- Biddlesden Location within Buckinghamshire
- Population: 113 (2011 Census)
- OS grid reference: SP6339
- Civil parish: Biddlesden;
- Unitary authority: Buckinghamshire;
- Ceremonial county: Buckinghamshire;
- Region: South East;
- Country: England
- Sovereign state: United Kingdom
- Post town: Brackley
- Postcode district: NN13
- Dialling code: 01280
- Police: Thames Valley
- Fire: Buckinghamshire
- Ambulance: South Central
- UK Parliament: Buckingham and Bletchley;

= Biddlesden =

Village in Buckinghamshire, England

Biddlesden is a village and civil parish in north-west Buckinghamshire, England on the boundary with Northamptonshire. It is about 5 mi east-north-east of Brackley, Northamptonshire and 5 mi north-west of Buckingham. The River Great Ouse forms part of the western boundary of the parish, separating the village from Northamptonshire. The ancient royal forest of Whittlewood extended to the northern edge of the village. It is within the unitary local authority of Buckinghamshire.

==History==
The village toponym is derived from the Old English for either "house in a valley" or "Byttel's valley". In the Domesday Book of 1086 the village is recorded as Betesdene.

In 1147 Ernald de Bosco founded the Cistercian Biddlesden Abbey. In 1315, the village was granted a temporary charter to hold a weekly market. When the abbey was seized on behalf of Henry VIII during the Dissolution of the Monasteries it was assessed to be earning in excess of £175 annually in rents and tithes.

Although the abbey continued after this time as living accommodation for those in favour with the monarch, the building was not maintained thoroughly and fell into disrepair. By the 18th century the abbey was in ruins and was finally demolished in 1727. The country house of Biddlesden Park was built on the same site.

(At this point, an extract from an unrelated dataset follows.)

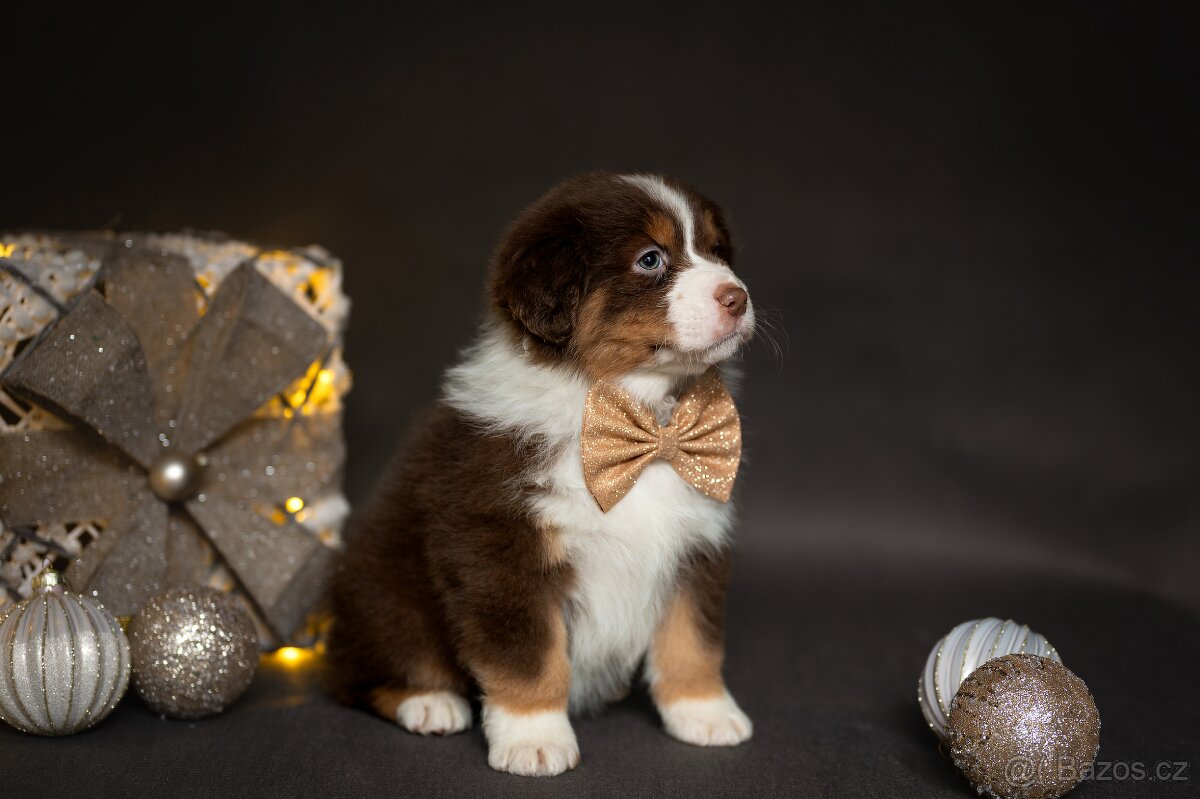 Australský ovčák štěňátka s PP - 7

Within the parish of Biddlesden there was the hamlet of Evershaw. In the Anglo-Saxon Chronicle at the time of King Edward the Confessor this settlement was listed as being in the possession of a "certain bandy-legged man". Evershaw's toponym is derived from the Old English for "boar wood". The family names "Evershaw" and "Eversaw" are derived from this place. No trace of the hamlet remains today.